In Puglia, spulciando i dati di «Domina», sebbene il lavoro domestico coinvolga 68mila persone (si tratta solo del 1,7% della popolazione), i domestici regolarmente assunti sono 33mila, un dato comunque in crescita rispetto al 2020 (+6,2%). Le famiglie datoriali sono 35mila, +13% rispetto all’anno precedente. I dati, inoltre, registrano una prevalenza di colf (54%) rispetto alle badanti (46%). Rispetto alle altre regioni, si registrano ancora forti incrementi rispetto al 2020 (+6,2%), probabilmente la sanatoria ha avuto un impatto che coinvolge più anni: infatti la serie storica di colf e badanti evidenzia un trend di crescita negli ultimi due anni.
In Puglia, inoltre, la metà dei lavoratori domestici è italiana, segue l’Asia con il 24% e solo in terza posizione i domestici provengono da un Paese dell’Est. Le lavoratrici donne rappresentano ben l’89% del totale mentre l’età media di colf e badanti è di 48 anni. Per quanto riguarda le settimane lavorate, invece, si registra una prevalenza di chi non ha completato l’anno lavorativo (59%). I lavoratori conviventi con la famiglia datoriale sono solo il 24% del totale.

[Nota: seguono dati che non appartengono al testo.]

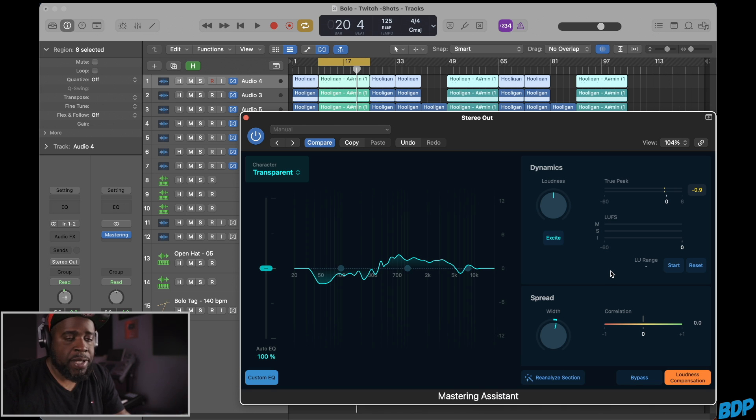So yeah, seems pretty dope. So there it is, the new mastering assistant in Logic Pro. Seems pretty dope, seems like it's usable and you know I might be using it a little bit more than what I thought. Hope you guys enjoyed this video, hope you guys learned something from it. And like I always say, peace out.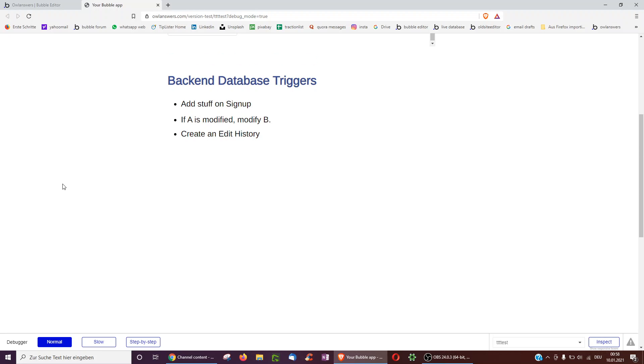Hello, this video is on backend database triggers. We're going to go over three examples. First, adding stuff on signup.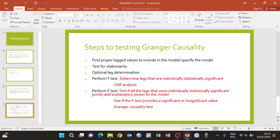If you find that some lags are individually statistically significant, we then perform an F-test. This is where we want to see if those lags, put together, provide explanatory power to the model. If the F-test gives a significant value, we can conclude Granger causality. If it gives an insignificant value, we conclude there is no Granger causality — that time series X does not Granger-cause time series Y.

Andando avanti e analizzando sempre i dati del rapporto redatto da «Domina», si può anche «mappare» la spesa delle famiglie pugliesi e l’impatto economico. Il datore di lavoro ha un’età media di 69 anni e si registra una netta prevalenza femminile (61%). Complessivamente, le famiglie pugliesi hanno speso circa 225 milioni di euro per la retribuzione dei lavoratori domestici (regolari), comprendenti stipendio, contributi e Tfr. Il valore aggiunto prodotto vale circa 600 milioni di euro.
Così come si evince dalla tabella pubblicata, a livello provinciale, la concentrazione delle colf e delle badanti è polarizzata sul capoluogo (rispettivamente 43,8% e 39,5% del totale). In termini relativi, Lecce registra l’incidenza maggiore sia per le colf (7,4 ogni 1.000 abitanti, media regionale: 4,6) che per le badanti (6,7 ogni 100 anziani, media regionale: 5,5). La Regione Puglia, è pur vero, finanzia dei «buoni» rivolti ad anziani e disabili per accedere ai servizi a ciclo diurno e domiciliari. Inoltre offre progetti di vita indipendente a favore di persone con disabilità di età compresa tra i 16 e i 64.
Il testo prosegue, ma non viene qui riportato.